# What you need to do:
Leave every picture behind and copy the rest of the entries below exactly.

# Records to process:

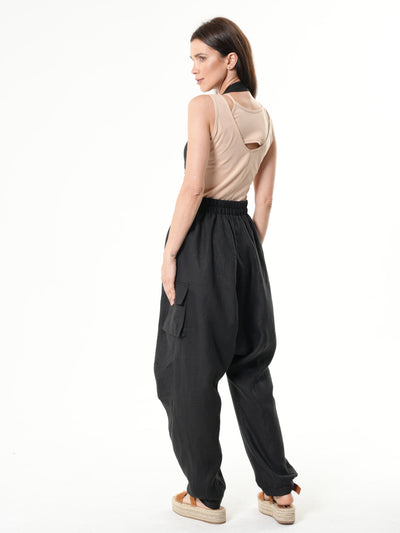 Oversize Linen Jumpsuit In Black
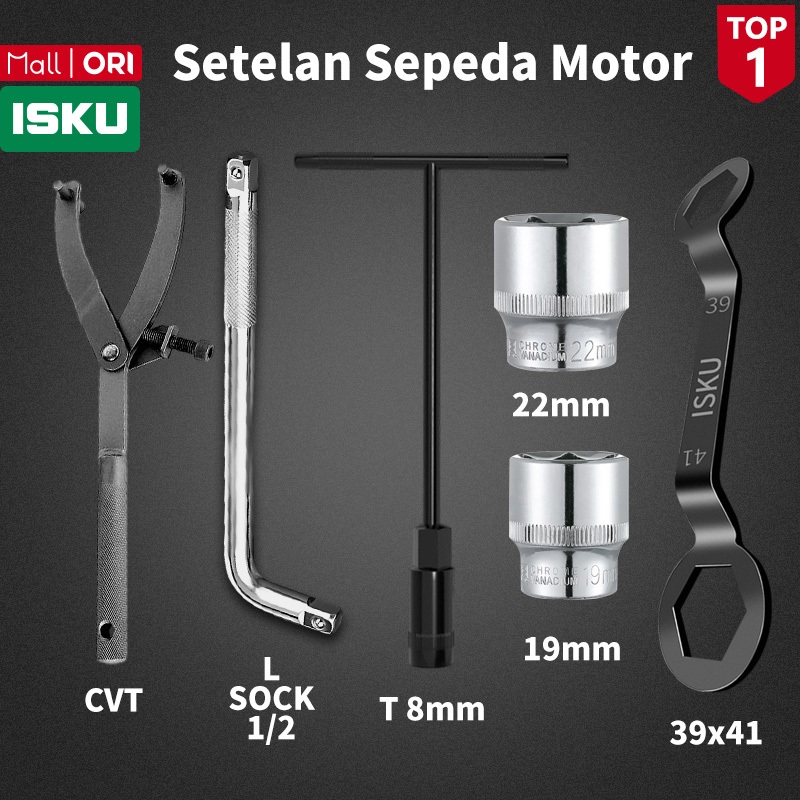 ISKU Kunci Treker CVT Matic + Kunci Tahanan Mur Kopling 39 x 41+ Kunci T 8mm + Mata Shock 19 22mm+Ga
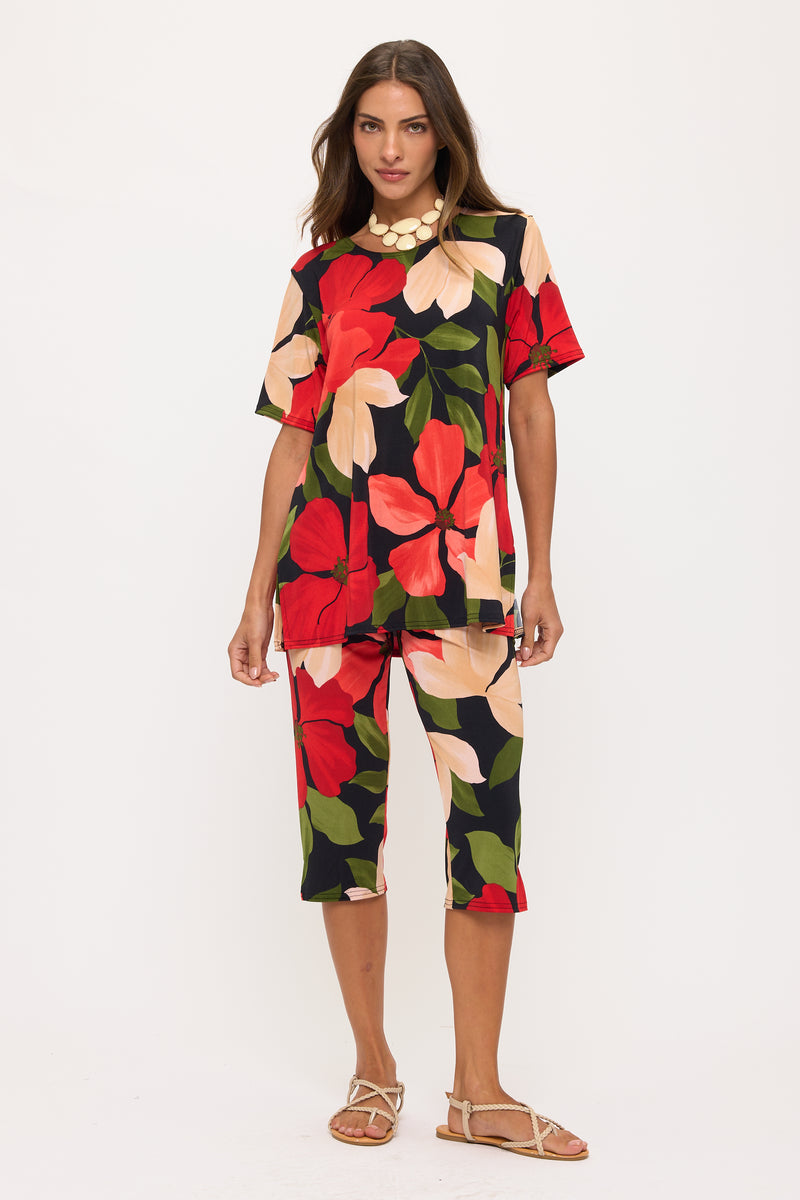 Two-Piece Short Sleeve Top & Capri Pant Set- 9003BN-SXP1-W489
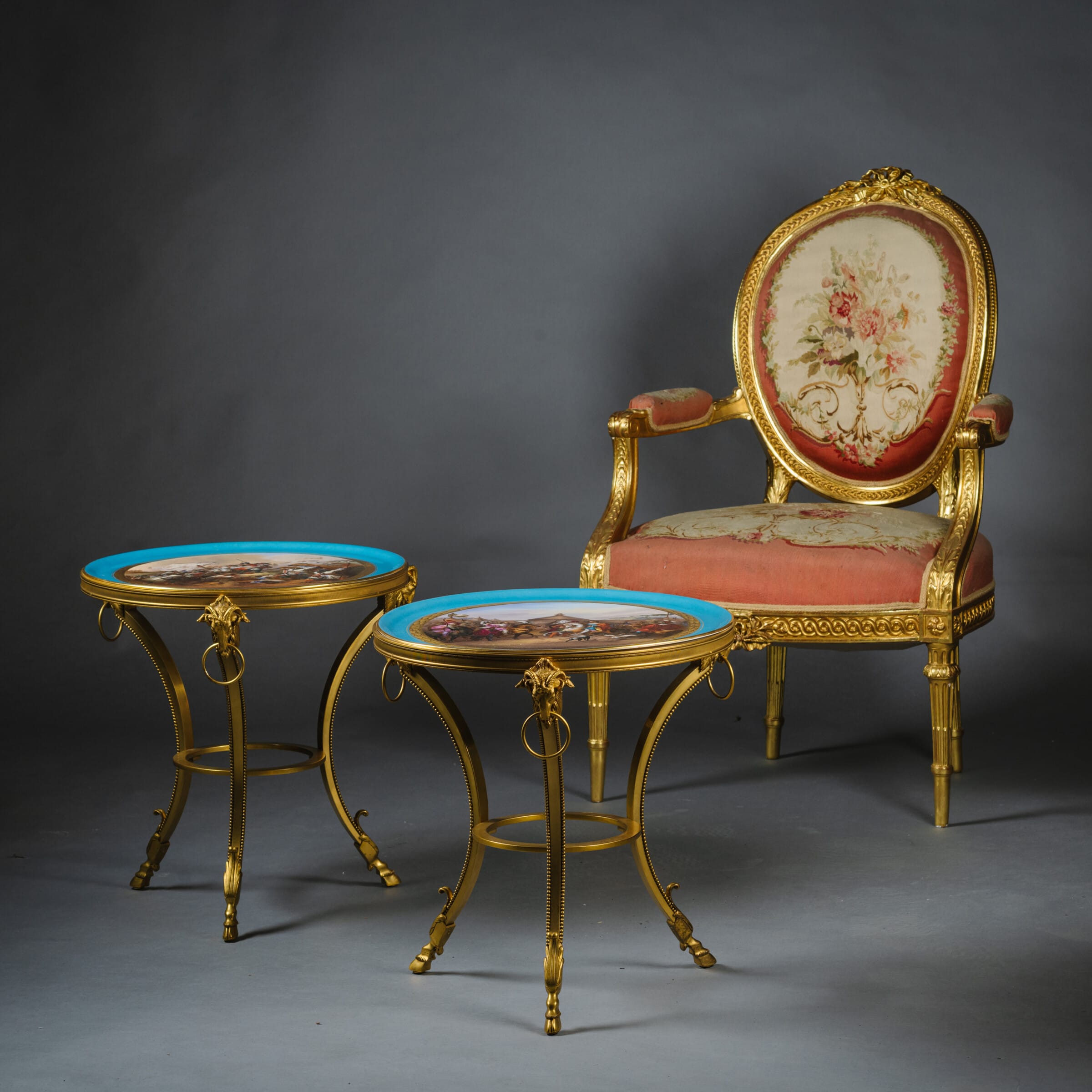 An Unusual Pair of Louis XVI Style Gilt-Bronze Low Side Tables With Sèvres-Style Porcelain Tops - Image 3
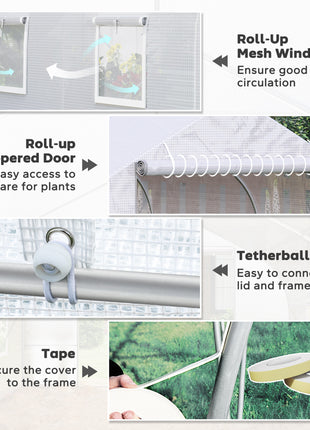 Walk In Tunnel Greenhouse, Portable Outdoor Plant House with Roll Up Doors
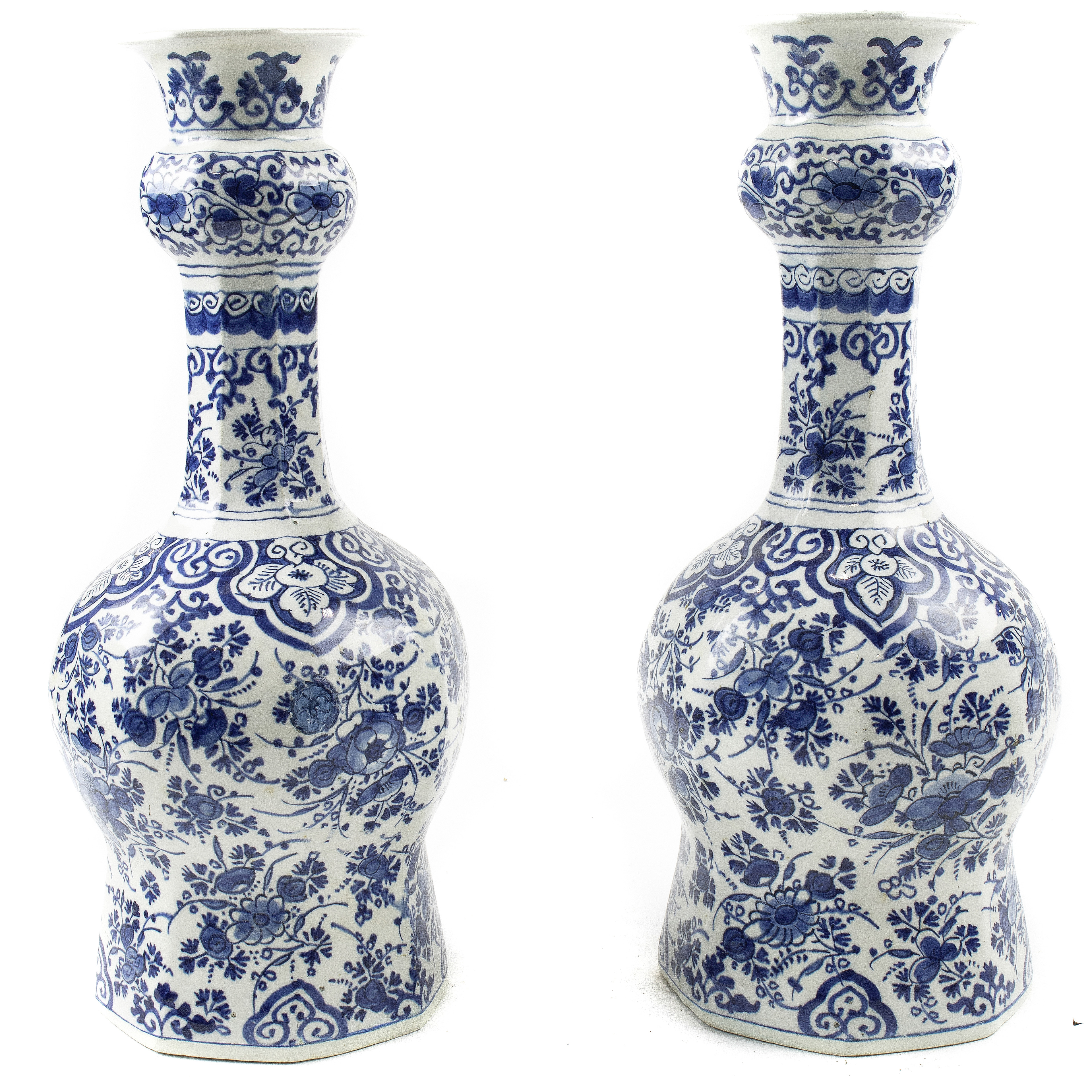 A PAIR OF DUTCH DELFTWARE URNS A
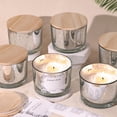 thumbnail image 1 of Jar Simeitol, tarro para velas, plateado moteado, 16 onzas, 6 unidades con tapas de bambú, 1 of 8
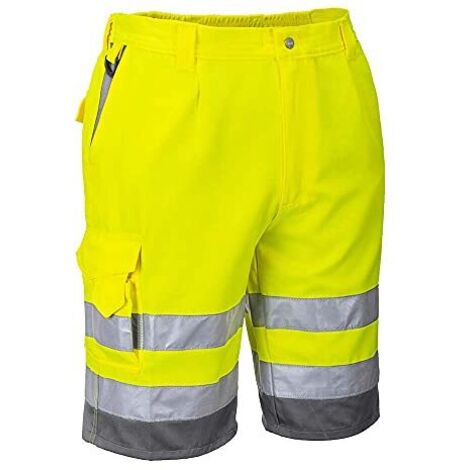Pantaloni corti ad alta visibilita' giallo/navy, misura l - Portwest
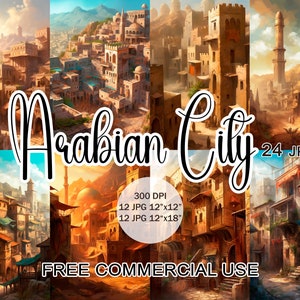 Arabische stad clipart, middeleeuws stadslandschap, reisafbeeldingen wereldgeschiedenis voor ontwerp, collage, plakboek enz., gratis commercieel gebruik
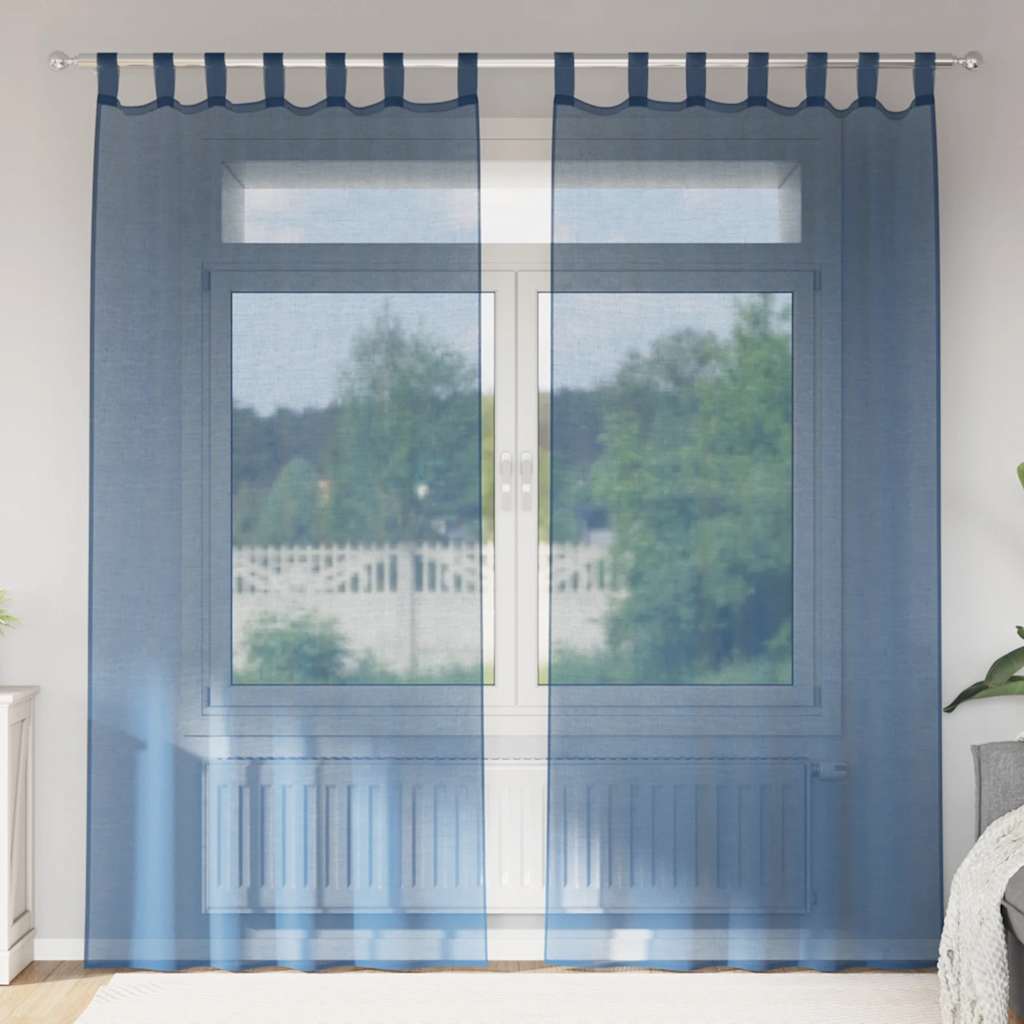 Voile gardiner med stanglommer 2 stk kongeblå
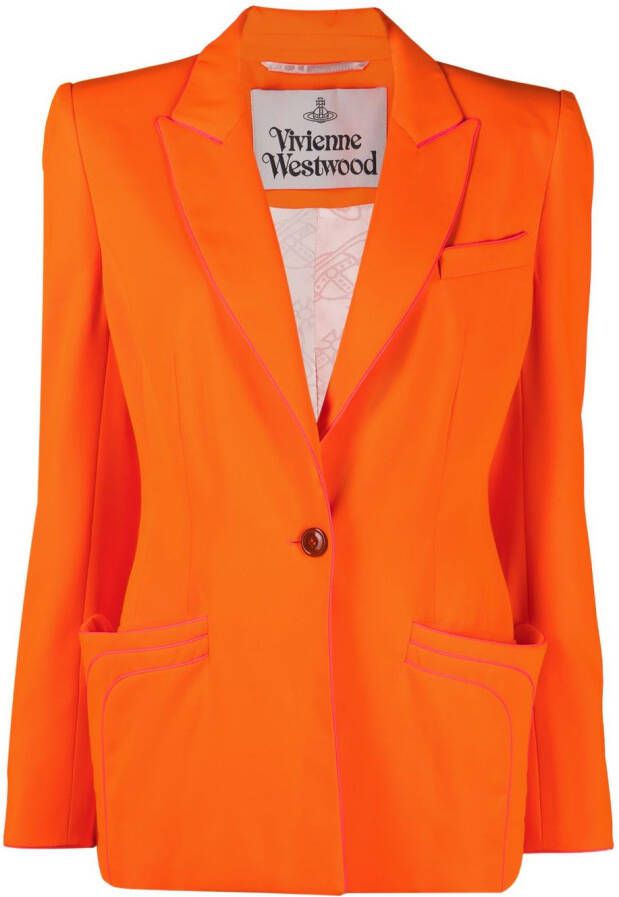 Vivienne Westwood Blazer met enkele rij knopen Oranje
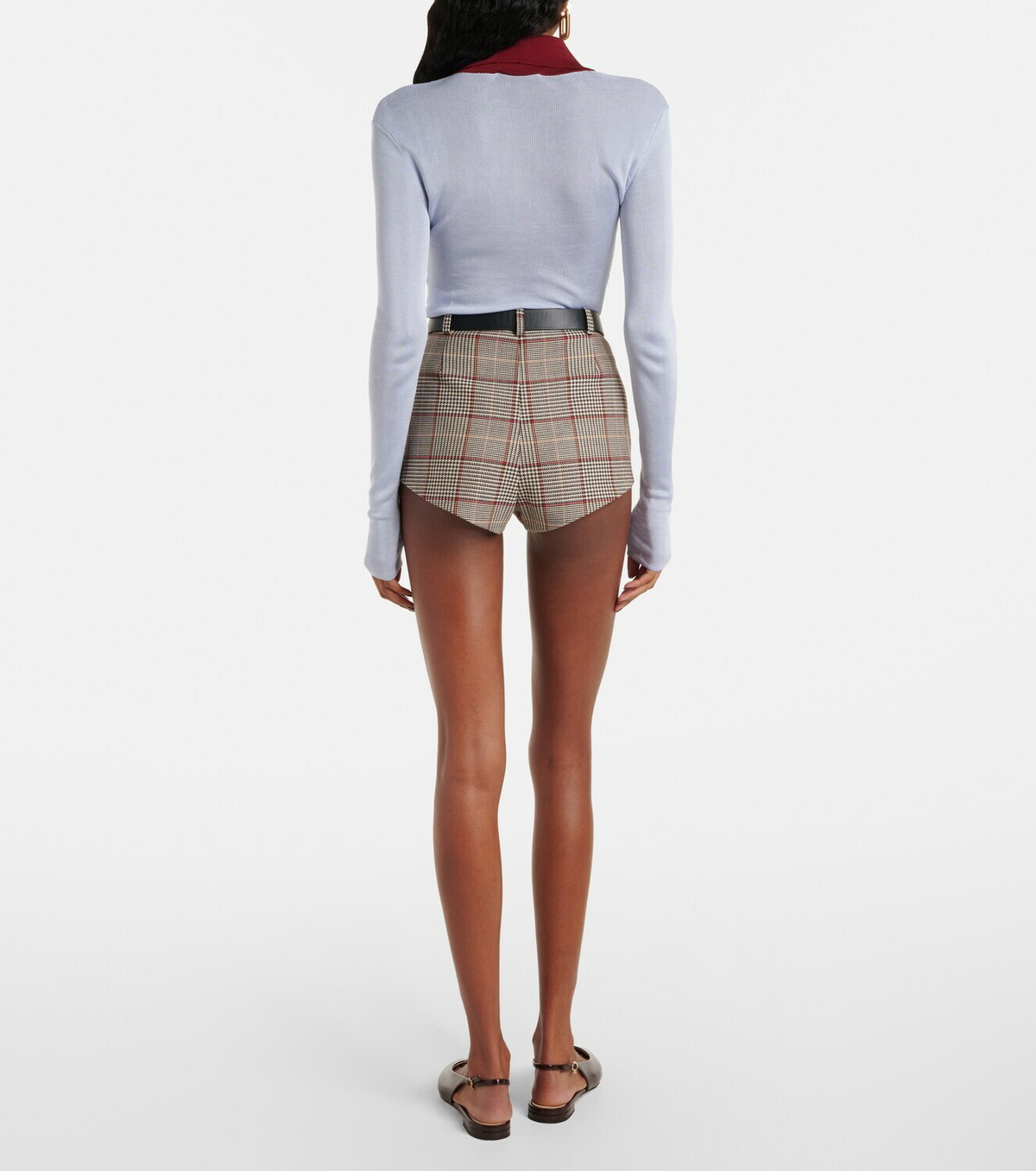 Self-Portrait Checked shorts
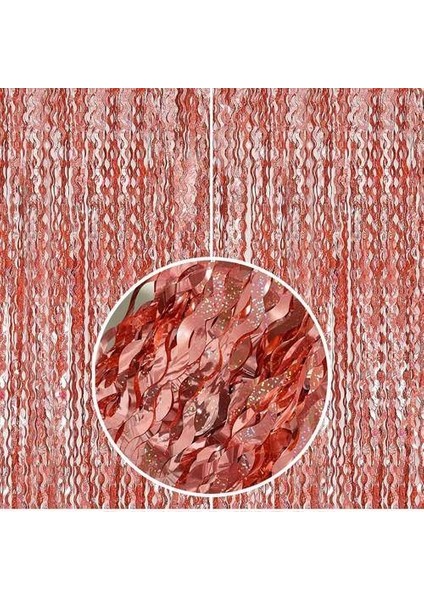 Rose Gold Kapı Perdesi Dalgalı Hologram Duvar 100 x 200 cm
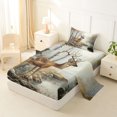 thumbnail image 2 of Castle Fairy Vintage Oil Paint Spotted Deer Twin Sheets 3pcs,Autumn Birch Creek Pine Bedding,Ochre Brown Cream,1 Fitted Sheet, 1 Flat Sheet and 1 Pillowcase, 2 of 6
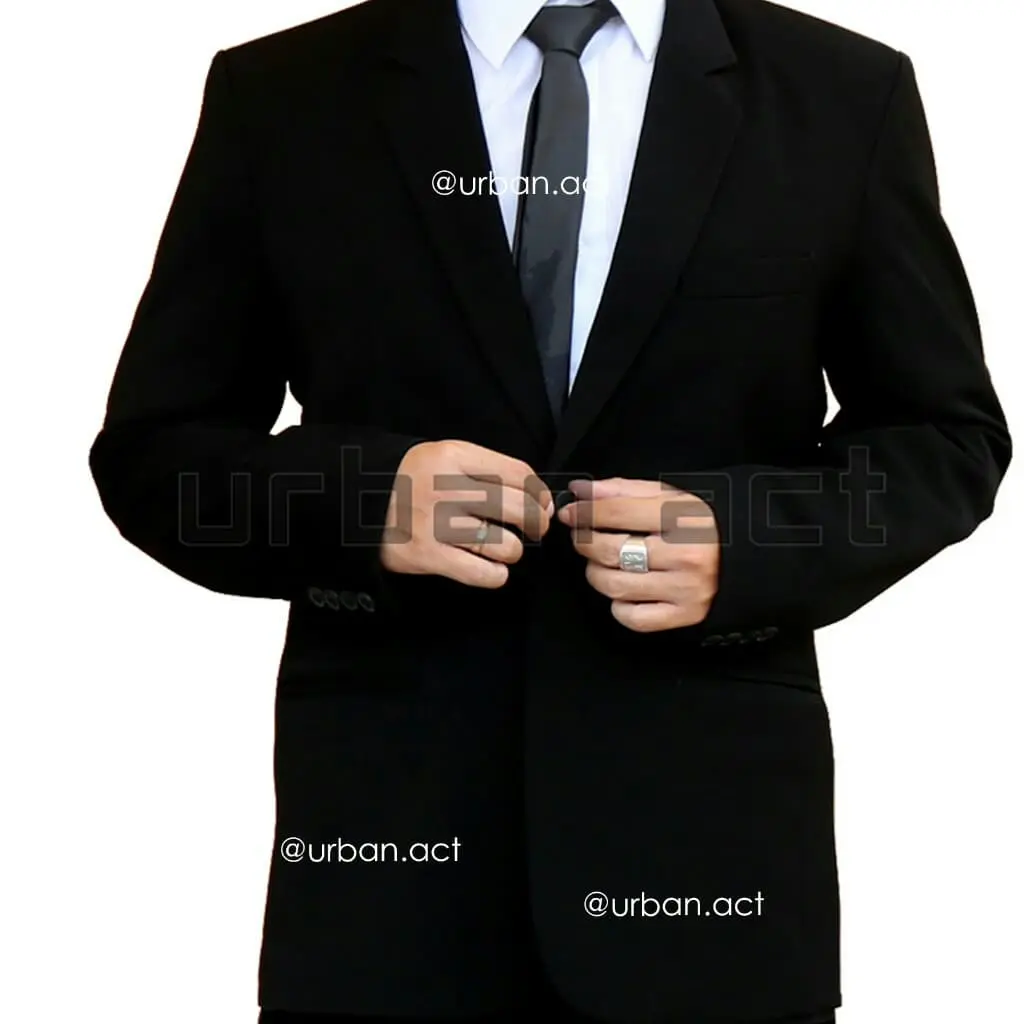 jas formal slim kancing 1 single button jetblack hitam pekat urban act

# Expected output:
 Oversize Linen Jumpsuit In Black
 ISKU Kunci Treker CVT Matic + Kunci Tahanan Mur Kopling 39 x 41+ Kunci T 8mm + Mata Shock 19 22mm+Ga
 Two-Piece Short Sleeve Top & Capri Pant Set- 9003BN-SXP1-W489
 An Unusual Pair of Louis XVI Style Gilt-Bronze Low Side Tables With Sèvres-Style Porcelain Tops - Image 3
 Walk In Tunnel Greenhouse, Portable Outdoor Plant House with Roll Up Doors
 A PAIR OF DUTCH DELFTWARE URNS A
 thumbnail image 1 of Jar Simeitol, tarro para velas, plateado moteado, 16 onzas, 6 unidades con tapas de bambú, 1 of 8
Pantaloni corti ad alta visibilita' giallo/navy, misura l - Portwest
 Arabische stad clipart, middeleeuws stadslandschap, reisafbeeldingen wereldgeschiedenis voor ontwerp, collage, plakboek enz., gratis commercieel gebruik
 Voile gardiner med stanglommer 2 stk kongeblå
 Vivienne Westwood Blazer met enkele rij knopen Oranje
 Self-Portrait Checked shorts
 Rose Gold Kapı Perdesi Dalgalı Hologram Duvar 100 x 200 cm
 thumbnail image 2 of Castle Fairy Vintage Oil Paint Spotted Deer Twin Sheets 3pcs,Autumn Birch Creek Pine Bedding,Ochre Brown Cream,1 Fitted Sheet, 1 Flat Sheet and 1 Pillowcase, 2 of 6
 jas formal slim kancing 1 single button jetblack hitam pekat urban act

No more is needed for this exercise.